Her search was rewarded by the discovery of a very blond young man with a soft reddish beard, who, at the other end of the carriage, appeared to be dissembling himself behind an unfolded newspaper. Lily’s eye brightened, and a faint smile relaxed the drawn lines of her mouth. She had known that Mr. Percy Gryce was to be at Bellomont, but she had not counted on the luck of having him to herself in the train; and the fact banished all perturbing thoughts of Mr. Rosedale. Perhaps, after all, the day was to end more favourably than it had begun.

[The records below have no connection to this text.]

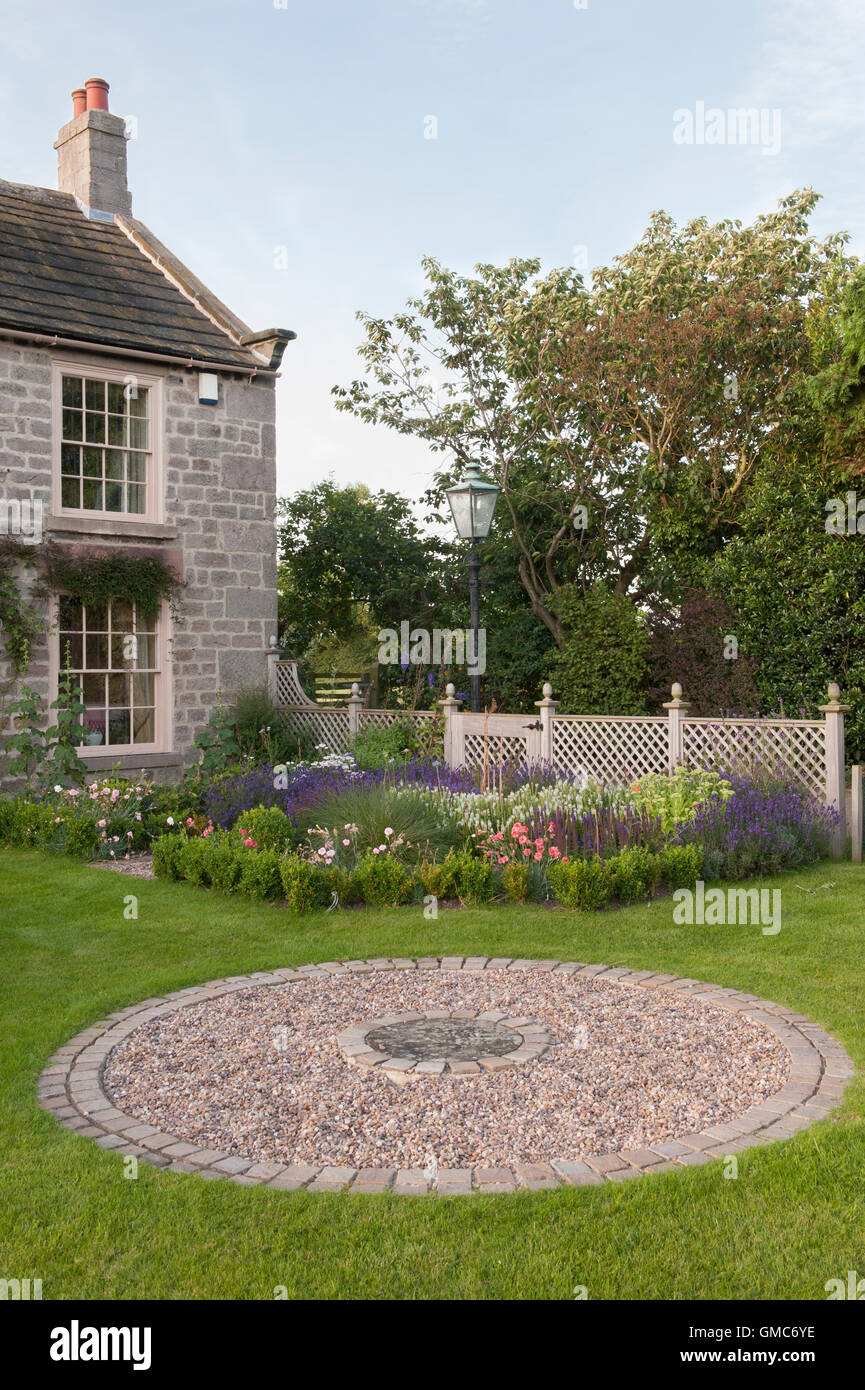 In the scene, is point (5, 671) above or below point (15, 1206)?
above

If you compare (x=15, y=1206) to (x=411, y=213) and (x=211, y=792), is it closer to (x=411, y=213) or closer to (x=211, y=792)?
(x=211, y=792)

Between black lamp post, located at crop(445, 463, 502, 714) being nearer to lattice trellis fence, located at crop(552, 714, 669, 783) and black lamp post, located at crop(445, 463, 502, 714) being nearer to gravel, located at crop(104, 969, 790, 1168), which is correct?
lattice trellis fence, located at crop(552, 714, 669, 783)

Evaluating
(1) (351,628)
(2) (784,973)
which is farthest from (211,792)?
(1) (351,628)

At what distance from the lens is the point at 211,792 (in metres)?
11.2

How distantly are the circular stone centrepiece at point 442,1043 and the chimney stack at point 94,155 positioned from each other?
14112 millimetres

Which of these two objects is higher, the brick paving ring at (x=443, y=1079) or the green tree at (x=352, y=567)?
the green tree at (x=352, y=567)

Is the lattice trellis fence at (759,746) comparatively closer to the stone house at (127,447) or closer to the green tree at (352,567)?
the stone house at (127,447)

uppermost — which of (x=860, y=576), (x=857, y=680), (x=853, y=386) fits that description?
(x=853, y=386)

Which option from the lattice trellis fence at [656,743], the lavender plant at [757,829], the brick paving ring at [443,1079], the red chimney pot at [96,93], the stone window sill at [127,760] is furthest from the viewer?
the red chimney pot at [96,93]

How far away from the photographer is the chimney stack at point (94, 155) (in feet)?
50.2

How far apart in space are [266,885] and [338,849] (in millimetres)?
783

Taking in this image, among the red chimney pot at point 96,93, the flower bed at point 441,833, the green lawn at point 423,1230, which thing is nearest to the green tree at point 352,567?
the red chimney pot at point 96,93

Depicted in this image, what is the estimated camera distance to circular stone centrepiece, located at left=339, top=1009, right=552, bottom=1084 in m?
4.82

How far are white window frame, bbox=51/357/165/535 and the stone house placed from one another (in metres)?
0.02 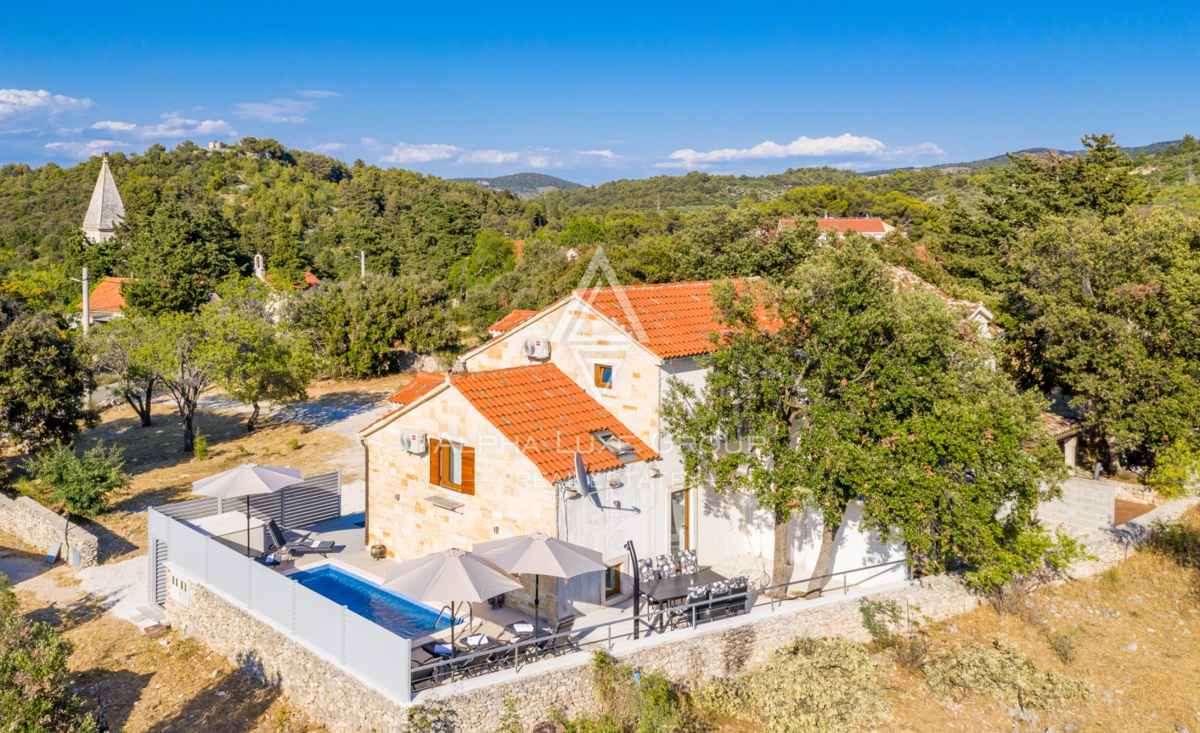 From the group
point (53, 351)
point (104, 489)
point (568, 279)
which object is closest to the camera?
point (104, 489)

She began to cut the pages of a novel,m tranquilly studying her prey through downcast lashes while she organized a method of attack. Something in his attitude of conscious absorption told her that he was aware of her presence: no one had ever been quite so engrossed in an evening paper! She guessed that he was too shy to come up to her, and that she would have to devise some means of approach which should not appear to be an advance on her part. It amused her to think that any one as rich as Mr. Percy Gryce should be shy; but she was gifted with treasures of indulgence for such idiosyncrasies, and besides, his timidity might serve her purpose better than too much assurance. She had the art of giving self-confidence to the embarrassed, but she was not equally sure of being able to embarrass the self-confident.

She waited till the train had emerged from the tunnel and was racing between the ragged edges of the northern suburbs. Then, as it lowered its speed near Yonkers, she rose from her seat and drifted slowly down the carriage. As she passed Mr. Gryce, the train gave a lurch, and he was aware of a slender hand gripping the back of his chair. He rose with a start, his ingenuous face looking as though it had been dipped in crimson: even the reddish tint in his beard seemed to deepen.

The train swayed again, almost flinging Miss Bart into his arms. She steadied herself with a laugh and drew back; but he was enveloped in the scent of her dress, and his shoulder had felt her fugitive touch.

“Oh, Mr. Gryce, is it you? I’m so sorry—I was trying to find the porter and get some tea.”

She held out her hand as the train resumed its level rush, and they stood exchanging a few words in the aisle. Yes—he was going to Bellomont. He had heard she was to be of the party—he blushed again as he admitted it. And was he to be there for a whole week? How delightful!

But at this point one or two belated passengers from the last station forced their way into the carriage, and Lily had to retreat to her seat.

“The chair next to mine is empty—do take it,” she said over her shoulder; and Mr. Gryce, with considerable embarrassment, succeeded in effecting an exchange which enabled him to transport himself and his bags to her side.

“Ah—and here is the porter, and perhaps we can have some tea.”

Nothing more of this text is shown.